The paper "Human Resource Management in the People’ s Republic of China" is a wonderful example of a Management Assignment. The Western world has been facing the challenge of dealing with the effects of globalization, in relation to Human resources management. The focus of globalization is to create a link between different countries in the world through information technology, trade relations and education. The western world adopts a system of human resource management that is liberal and flexible to accommodate multinational systems of Human resource management needs. Multinational companies heavily influence economic growth in developing countries, some of the challenges faced by these firms include the following variation of payment rates, population of immigrants, quality of service delivery and Variation in organization cultures and welfare (Zhu & Warner 2004). Variation of payment rates Multinational firms in the Western firms employ workers from various parts of the world and with various levels of academic qualifications.
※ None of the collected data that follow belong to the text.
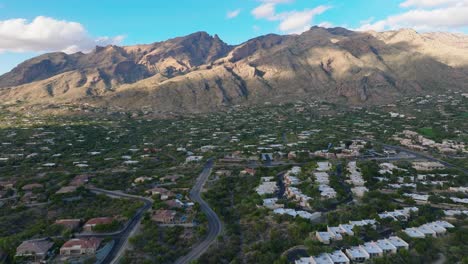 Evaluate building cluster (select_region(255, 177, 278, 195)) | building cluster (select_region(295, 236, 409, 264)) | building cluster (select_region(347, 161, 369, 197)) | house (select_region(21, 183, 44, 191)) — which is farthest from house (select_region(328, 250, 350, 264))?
house (select_region(21, 183, 44, 191))

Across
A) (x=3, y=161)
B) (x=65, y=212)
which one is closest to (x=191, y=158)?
(x=65, y=212)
The international Labour regulations require multinational companies to pay the employees in special rates, which is usually higher than the rates in individual countries. The level of education notwithstanding, the payments are supposed to be consistent and proportional to the standards set by the labour federations (Zhu & Warner 2004).
Even with this, the only relief that the firms have is with regards to the mandatory long term employee terminal benefits such as pension and other retirement benefits. The emerging economies also have to struggle with the harsh economic environments to retain the reputational positions they hold on the face of the world. Population of immigrants The western world according to the vast global community is considered as the most developed economic hub.
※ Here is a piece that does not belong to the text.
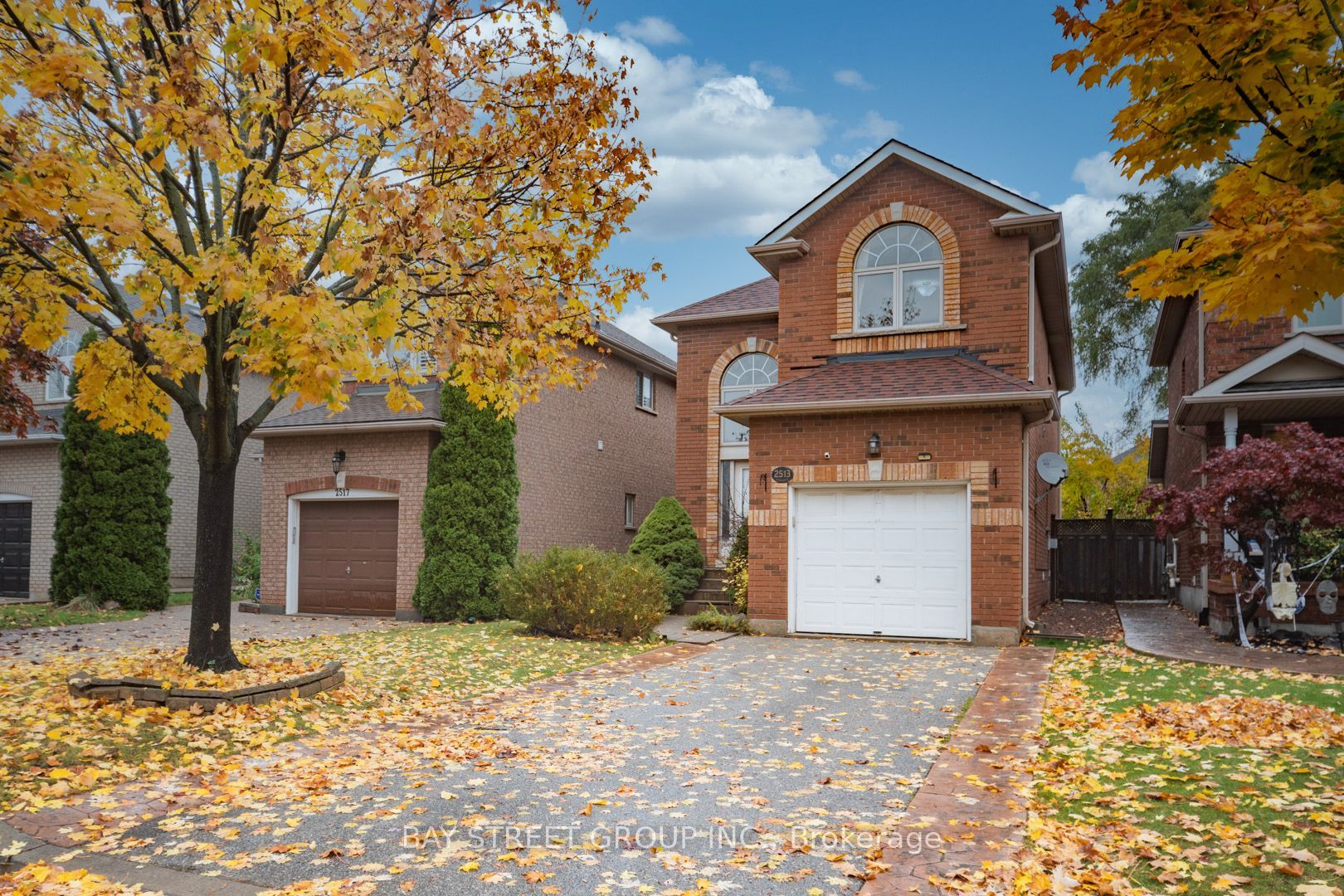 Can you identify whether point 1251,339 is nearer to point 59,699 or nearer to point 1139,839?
point 1139,839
The implication of this reality is reflected in the huge number of immigrants moving into western countries such as the United Kingdom. This raises a state of joblessness in the countries, where the jobless population is specifically of that of foreigners from the developing countries. Being multinational companies, there is a challenge of creating a balance in the composition of human resources, in relation to their nationality. Countries like the United States of America and the United Kingdom receive hundreds of thousand immigrants yearly, a figure that tends to displace the position and priorities of indigenous citizens (Zhang & Li 2009). Quality of service delivery Multinational firms have challenges with the quality of performance among the employees.
This is because of the variation in the nature of training people receive from various institutions. It, therefore, compels the multinational firms to organize common training to homogenize the orientation of the human resources in a specific order to conform to the values, visions, and missions of the organization (Zhang & Li 2009). The challenge of balancing employee composition forces the human resources departments to acquire less qualified personnel in the places of highly qualified professionals due to the consideration of unique factors.
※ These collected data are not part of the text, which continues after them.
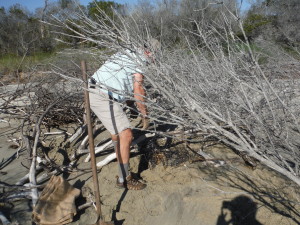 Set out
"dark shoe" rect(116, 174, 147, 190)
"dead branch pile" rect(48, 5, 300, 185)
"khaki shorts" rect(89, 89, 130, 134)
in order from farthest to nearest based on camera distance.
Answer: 1. "dark shoe" rect(116, 174, 147, 190)
2. "khaki shorts" rect(89, 89, 130, 134)
3. "dead branch pile" rect(48, 5, 300, 185)

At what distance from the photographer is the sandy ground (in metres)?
2.82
Such factors include religion, disabilities, marital status, races, gender and nationality (Warner 2000). Variation in organizational cultures and welfare Multinational organizations articulate the various cultures in the world. They have to observe the values and cultures of their employees such as ceremonies, holidays, political environment and days of worship. Any Human Resource action that does not recognize these values receives harsh criticism as a violation of human freedom. The welfare of employees also matter in the multinational firms.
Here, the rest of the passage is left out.